Leaning into the pain after a suicide loss is not easy to do. We find ourselves in a place we have never been before. The world around us suddenly feels unfamiliar. The people around us seem like strangers. After the shock wears off, and the distractions end, we find ourselves experiencing a new kind of pain. A pain that has more intensity than anything we have felt before. It is uncomfortable, it is unfamiliar, and it is scary. Our first instinct can be to run; to distract ourselves so we don’t have to feel the pain. Why would anyone want to feel the pain? The distractions work for awhile, but what I have found is that the pain always catches up to us. It doesn’t matter where we are, or what we are doing; the pain catches up. It might be weeks later, months later, or even years later, but the pain always catches up. On my own grief journey I have found that the only way to decrease the pain, is to feel it. I needed to lean into it, not run from it. It wasn’t easy, but this was the only way the get through it. So, if you find yourself running, know that I understand. This type of pain is not easy to feel. But to get to the other side, and I promise there is one, we have to lean into the pain.
jacqueline branch says
Thanks Jessica. It has been 25 months since my son left and I have felt the pain everyday, more so at first. The pain is still there but not as numbing as the first few months. I still cry and find crying actually helps release the pain.
Jessica says
We are so sorry for your loss. It certainly takes time to not only allow ourselves to feel the pain, but have the strength to. I think I will always cry. It just becomes much less frequent. And it absolutely helps release the pain!
Mrs. T. says
I very much appreciated this article today. From my own experience I found that leaning into the pain was scary and terribly sad at first but after so much “leaning” things began to be more tolerable. Thank you for the continued beneficial posts.
Jessica says
SO happy that our posts are beneficial to you during such a difficult time.
Lisa says
I’m coming up to my 11th monthof losing my 15 yr old daughter. I’ve ran to New Hampshire, then to the hospital for a few days, outpatient for 2 months (which helped so much) and just recently ran to Puerto Rico for 2 weeks. Those 2 weeks were so calming and peaceful. I felt so much better there. I swear, withing the 1st few hours of being home, it caught me. All i think about is going somewhere else.
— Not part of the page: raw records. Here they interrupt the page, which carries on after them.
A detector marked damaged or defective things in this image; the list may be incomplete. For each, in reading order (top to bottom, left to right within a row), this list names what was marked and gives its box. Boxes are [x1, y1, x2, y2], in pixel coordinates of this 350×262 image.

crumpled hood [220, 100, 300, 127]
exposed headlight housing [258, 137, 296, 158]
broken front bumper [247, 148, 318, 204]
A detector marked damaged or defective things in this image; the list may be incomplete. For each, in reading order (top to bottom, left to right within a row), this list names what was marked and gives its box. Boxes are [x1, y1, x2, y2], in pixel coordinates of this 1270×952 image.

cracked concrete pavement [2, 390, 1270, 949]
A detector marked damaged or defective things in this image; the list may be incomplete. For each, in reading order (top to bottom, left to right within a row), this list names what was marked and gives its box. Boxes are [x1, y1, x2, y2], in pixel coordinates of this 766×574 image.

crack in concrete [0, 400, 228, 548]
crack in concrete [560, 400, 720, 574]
I accept what happened and have made peace with my baby. I understand her pain..to an extent. I believe hers was so much more than mine now. But still, I think i have to run every few wks or I won’t make it. Does that make sense?
Jessica says
Yes, this makes sense. Sometimes the reality of our lives can be too much. Set realistic expectations for yourself, as it has only been 11 months. That isn’t a long time at all. Often society and those around us expect us to move forward in a timeframe that is simply not realistic.
Lisa says
Fortunately, I haven’t had the burden of being pressured to “move on”. I guess I’m in the fight or flight situation. I’ve never ran away from the dramas of my life. This, this is something I feel the need to run from on occasion. If not, I don’t feel I’d make it. I have a 5 yr old depending on me and he’s probably the only thing keeping me from running so far away where nobody can find me.
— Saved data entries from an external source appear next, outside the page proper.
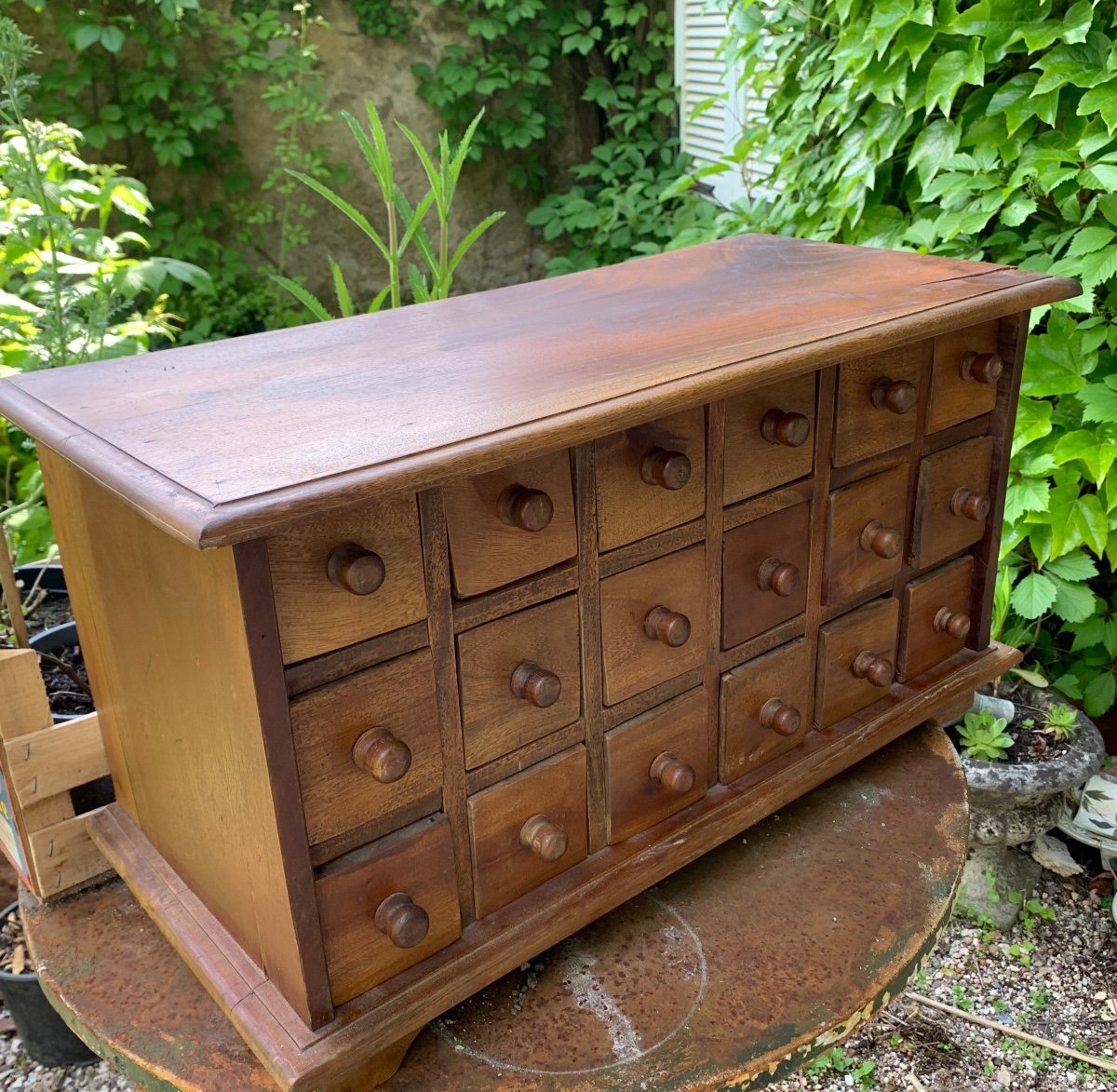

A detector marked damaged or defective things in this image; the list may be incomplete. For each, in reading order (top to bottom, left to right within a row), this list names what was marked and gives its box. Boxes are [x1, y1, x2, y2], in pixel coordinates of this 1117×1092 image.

circular rusted table [20, 723, 969, 1089]
rusty metal table top [20, 723, 969, 1089] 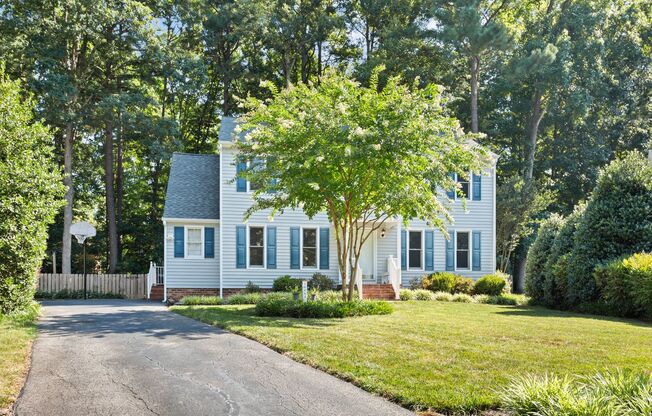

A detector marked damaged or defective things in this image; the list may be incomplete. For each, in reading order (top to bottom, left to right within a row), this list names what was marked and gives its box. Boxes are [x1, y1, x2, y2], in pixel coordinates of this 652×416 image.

cracked pavement [15, 300, 412, 414] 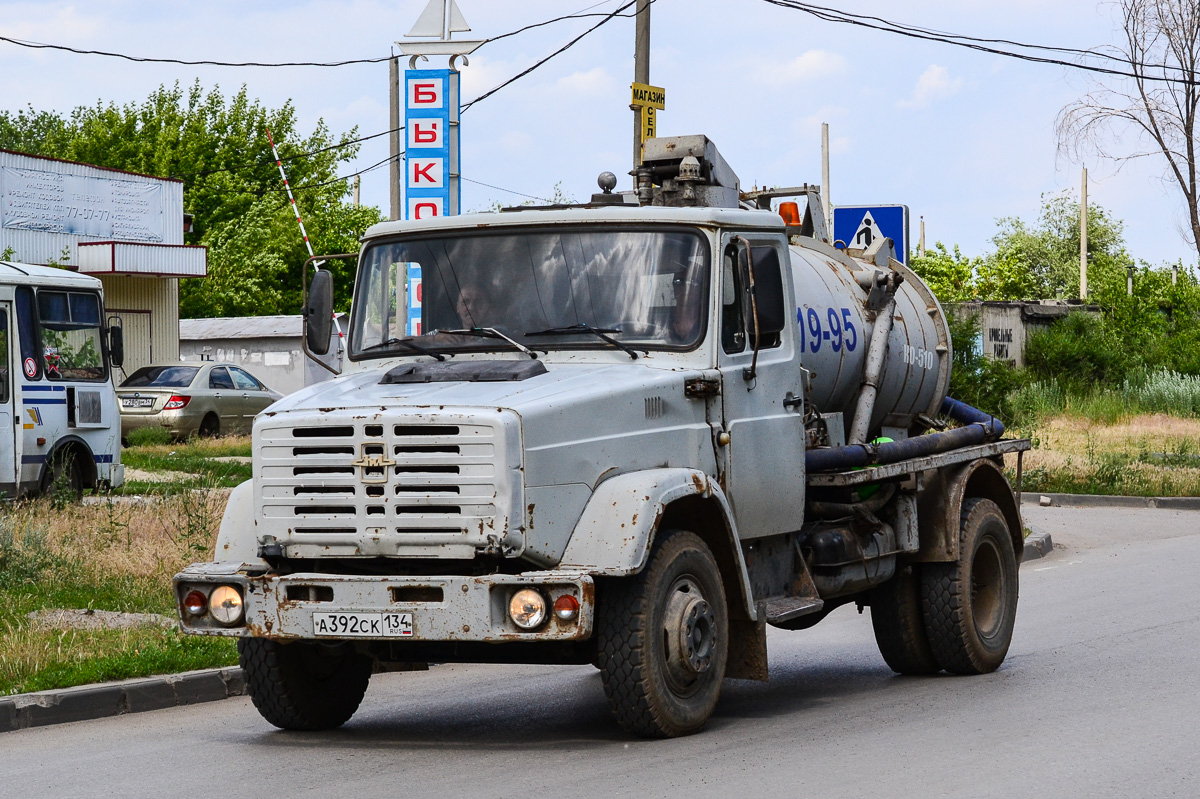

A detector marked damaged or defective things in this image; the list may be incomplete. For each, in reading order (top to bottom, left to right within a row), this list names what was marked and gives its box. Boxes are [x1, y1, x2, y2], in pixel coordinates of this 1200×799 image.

rusty fender [556, 467, 753, 614] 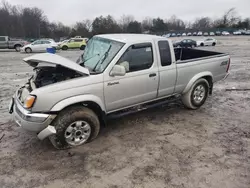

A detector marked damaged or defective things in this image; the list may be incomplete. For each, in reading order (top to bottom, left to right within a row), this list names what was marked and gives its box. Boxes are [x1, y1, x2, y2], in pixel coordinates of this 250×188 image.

crumpled hood [22, 53, 89, 75]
Thanks for the response. I’m doing better than most, per my therapists and doctors.
Aisha says
Thank you so much for this article. I lost my son a month ago and the pain at times is so hard I can’t breath. I have notice if I just feel the pain it does help and there are times now where it feels “better” after a good cry.
Dorothy Daus says
I lost my husband 2 months ago ,just 2 months after my Dad decided to end dialysis and I cared for him while he died,I still blame myself for both deaths sometimes I don’t think I can go on,I’m so lost and alone and the pain is consuming
Amanda says
Forgive my ignorance, I am not sure I fully grasp the saying “lean into the pain”. What do you mean?
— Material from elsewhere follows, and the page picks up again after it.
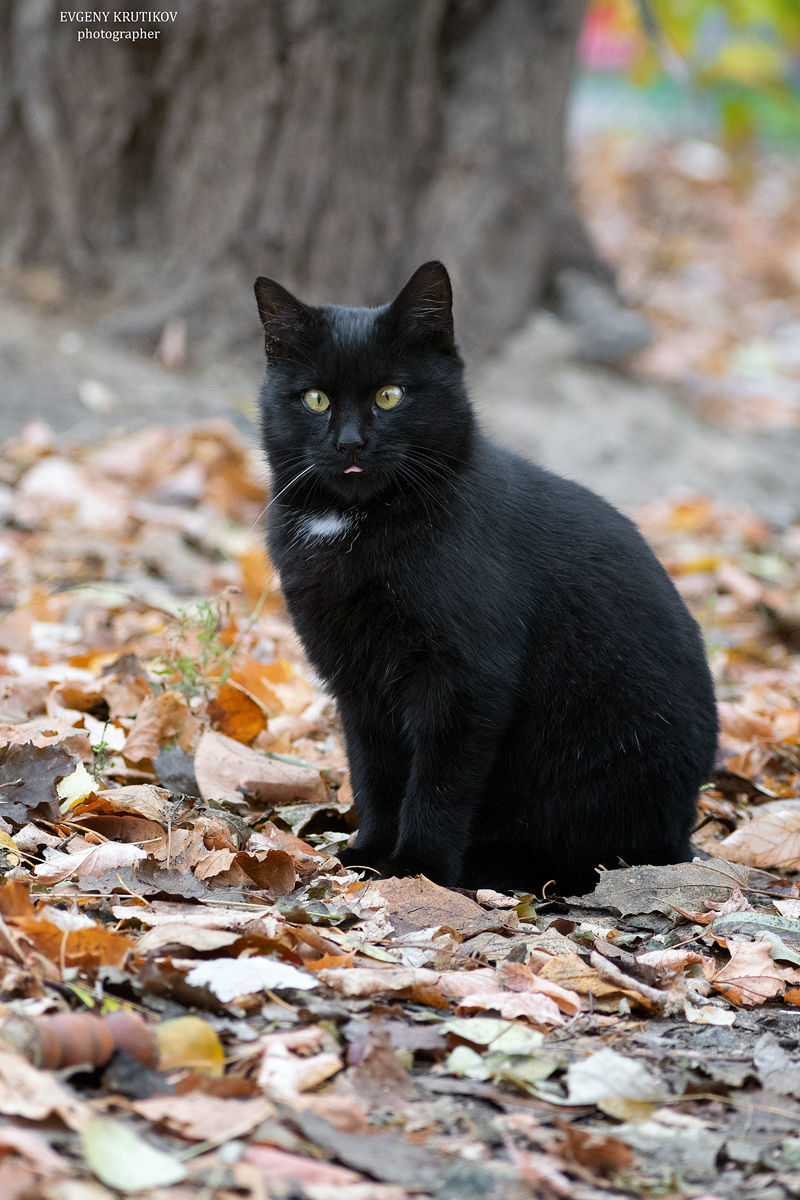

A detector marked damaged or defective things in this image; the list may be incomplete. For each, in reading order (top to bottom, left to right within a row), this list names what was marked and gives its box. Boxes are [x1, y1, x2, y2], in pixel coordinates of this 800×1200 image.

rusty brown object [0, 1008, 158, 1075] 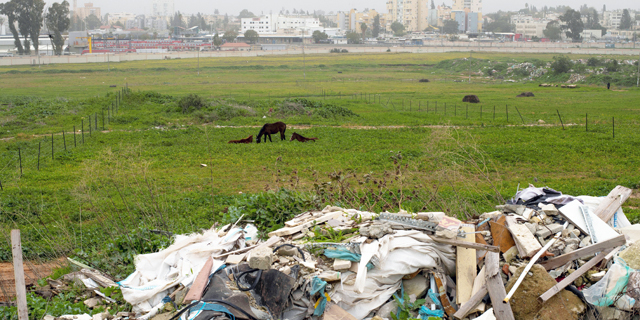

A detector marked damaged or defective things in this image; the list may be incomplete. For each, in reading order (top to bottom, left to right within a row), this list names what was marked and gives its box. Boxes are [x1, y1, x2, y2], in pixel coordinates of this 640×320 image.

I lost my father < 1month ago to suicide. Everyday I feel pain, and with my father in-law in his final days with cancer, my emotions are at a very high level, I cry everyday. I have plenty of people offering to help but I have no idea what help I need, so I just continue on.
Jessica says
Hi Amanda-
First off, we are so sorry for your loss. You do not sound ignorant at all. You just experienced a tragic loss. Right now the term “leaning into the pain” shouldn’t make sense. I truly believe this is more for someone who is further out in their grief. For example, I didn’t start “leaning” until the 10 month mark. Right now, your brain is just trying to make sense of what happened. All you should do right now is take care of yourself. The real grief work starts further down the road. Now is the time to be gentle and kind to yourself.